Tidak cukup dengan adanya ijma’ dalam proses syura, yakni kesepakatan-kesepakatan politik antara para wakil rakyat, tradisi politik Sunni juga menekankan kemestian adanya pengakuan dari umat Islam (rakyat) itu sendiri terhadap kepemimpinan seorang khalifah atau kepala negara. Pengakuan politis ini disebut al-bay’at’. Apabila seorang khalifah telah ditetapkan, maka ia pun mesti membaiat umat. Kesediaan umat untuk dibaiat oleh khalifah menunjukkan bentuk persetujuan politiknya untuk taat dan diperintah oleh yang bersangkutan.

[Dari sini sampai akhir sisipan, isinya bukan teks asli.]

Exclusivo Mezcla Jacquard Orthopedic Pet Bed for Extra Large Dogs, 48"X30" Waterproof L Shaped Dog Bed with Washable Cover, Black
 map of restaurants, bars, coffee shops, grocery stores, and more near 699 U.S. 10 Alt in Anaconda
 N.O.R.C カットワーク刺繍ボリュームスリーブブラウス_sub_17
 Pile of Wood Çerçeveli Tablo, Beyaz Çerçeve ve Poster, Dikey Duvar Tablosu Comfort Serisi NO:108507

Di kalangan Syiah pun rumusan teori politik Islam tentang ketatanegaraan juga berlangsung. Kaum Muslim Syiah merumuskan teori Imamah, yang menunjukkan Islam sebagai din wa dawlah (agama dan negara). Kemestian bagi seorang imam adalah mendapat predikat (sampai pada tingkat ismah), yakni kesucian dari dosa. Dalam istilah yang lebih terkenal adalah ma’sum, terjaga dari dosa, suatu kategori yang dipercayai hanya bisa dimiliki oleh para keturunan Nabi (ahl bayt dari garis keturunan Ali). Justru konsep ismah inilah sumber legitimasi untuk menjadi imam, yang memimpin agama sekaligus negara.